[Dataset excerpts]
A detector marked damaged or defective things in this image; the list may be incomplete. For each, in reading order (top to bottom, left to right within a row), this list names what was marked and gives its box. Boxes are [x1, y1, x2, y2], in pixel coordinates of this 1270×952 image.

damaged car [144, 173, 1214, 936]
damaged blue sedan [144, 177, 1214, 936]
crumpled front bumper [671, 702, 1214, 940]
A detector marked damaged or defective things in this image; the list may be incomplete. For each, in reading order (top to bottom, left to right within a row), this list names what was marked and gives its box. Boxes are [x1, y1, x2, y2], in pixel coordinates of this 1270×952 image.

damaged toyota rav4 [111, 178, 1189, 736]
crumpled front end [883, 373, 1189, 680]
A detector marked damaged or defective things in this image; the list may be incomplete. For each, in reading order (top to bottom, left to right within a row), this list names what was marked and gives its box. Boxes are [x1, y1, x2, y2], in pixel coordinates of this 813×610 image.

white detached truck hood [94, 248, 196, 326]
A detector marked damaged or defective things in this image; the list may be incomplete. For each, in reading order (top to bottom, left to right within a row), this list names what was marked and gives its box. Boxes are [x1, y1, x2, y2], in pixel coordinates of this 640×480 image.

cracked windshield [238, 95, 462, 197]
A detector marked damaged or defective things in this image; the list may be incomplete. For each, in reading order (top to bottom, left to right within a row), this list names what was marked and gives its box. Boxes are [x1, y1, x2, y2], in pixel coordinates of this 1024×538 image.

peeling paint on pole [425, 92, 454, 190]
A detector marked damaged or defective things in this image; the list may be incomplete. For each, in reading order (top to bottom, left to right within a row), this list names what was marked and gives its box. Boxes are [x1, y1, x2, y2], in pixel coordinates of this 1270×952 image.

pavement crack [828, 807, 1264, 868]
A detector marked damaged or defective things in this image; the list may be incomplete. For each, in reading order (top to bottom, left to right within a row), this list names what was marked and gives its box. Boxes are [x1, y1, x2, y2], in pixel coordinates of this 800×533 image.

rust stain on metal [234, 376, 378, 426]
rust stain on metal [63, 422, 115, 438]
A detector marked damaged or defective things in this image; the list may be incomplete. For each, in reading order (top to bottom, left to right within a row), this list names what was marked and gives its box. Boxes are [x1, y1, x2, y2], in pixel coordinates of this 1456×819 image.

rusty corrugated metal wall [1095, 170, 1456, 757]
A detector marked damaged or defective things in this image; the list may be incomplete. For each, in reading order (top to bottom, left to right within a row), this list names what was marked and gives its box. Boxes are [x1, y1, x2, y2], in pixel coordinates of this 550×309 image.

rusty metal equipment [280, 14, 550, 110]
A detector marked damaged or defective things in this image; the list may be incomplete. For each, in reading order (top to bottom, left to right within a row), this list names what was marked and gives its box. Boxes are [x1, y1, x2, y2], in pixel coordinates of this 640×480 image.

* [Task to complete] Your response should consist of the records, printed exactly.

* [The completed task]
A detector marked damaged or defective things in this image; the list may be incomplete. For each, in reading order (top to bottom, left to right within a row), this list names what was marked and gives its box. Boxes are [x1, y1, x2, y2], in pixel coordinates of this 1270×952 image.

damaged car [144, 173, 1214, 936]
damaged blue sedan [144, 177, 1214, 936]
crumpled front bumper [671, 702, 1214, 940]
A detector marked damaged or defective things in this image; the list may be incomplete. For each, in reading order (top to bottom, left to right within a row), this list names what was marked and gives its box. Boxes are [x1, y1, x2, y2], in pixel coordinates of this 1270×952 image.

damaged toyota rav4 [111, 178, 1189, 736]
crumpled front end [883, 373, 1189, 680]
A detector marked damaged or defective things in this image; the list may be incomplete. For each, in reading order (top to bottom, left to right within a row), this list names what was marked and gives its box. Boxes are [x1, y1, x2, y2], in pixel coordinates of this 813×610 image.

white detached truck hood [94, 248, 196, 326]
A detector marked damaged or defective things in this image; the list may be incomplete. For each, in reading order (top to bottom, left to right within a row), this list names what was marked and gives its box. Boxes are [x1, y1, x2, y2], in pixel coordinates of this 640×480 image.

cracked windshield [238, 95, 462, 197]
A detector marked damaged or defective things in this image; the list may be incomplete. For each, in reading order (top to bottom, left to right within a row), this list names what was marked and gives its box. Boxes are [x1, y1, x2, y2], in pixel coordinates of this 1024×538 image.

peeling paint on pole [425, 92, 454, 190]
A detector marked damaged or defective things in this image; the list may be incomplete. For each, in reading order (top to bottom, left to right within a row), this list names what was marked and gives its box. Boxes are [x1, y1, x2, y2], in pixel coordinates of this 1270×952 image.

pavement crack [828, 807, 1264, 868]
A detector marked damaged or defective things in this image; the list may be incomplete. For each, in reading order (top to bottom, left to right within a row), this list names what was marked and gives its box. Boxes are [x1, y1, x2, y2], in pixel coordinates of this 800×533 image.

rust stain on metal [234, 376, 378, 426]
rust stain on metal [63, 422, 115, 438]
A detector marked damaged or defective things in this image; the list may be incomplete. For each, in reading order (top to bottom, left to right within a row), this list names what was marked and gives its box. Boxes are [x1, y1, x2, y2], in pixel coordinates of this 1456×819 image.

rusty corrugated metal wall [1095, 170, 1456, 757]
A detector marked damaged or defective things in this image; the list may be incomplete. For each, in reading order (top to bottom, left to right within a row), this list names what was marked and gives its box. Boxes are [x1, y1, x2, y2], in pixel coordinates of this 550×309 image.

rusty metal equipment [280, 14, 550, 110]
A detector marked damaged or defective things in this image; the list may be incomplete. For each, in reading order (top to bottom, left to right within a row), this list names what was marked and gives its box. Boxes are [x1, y1, x2, y2], in pixel coordinates of this 640×480 image.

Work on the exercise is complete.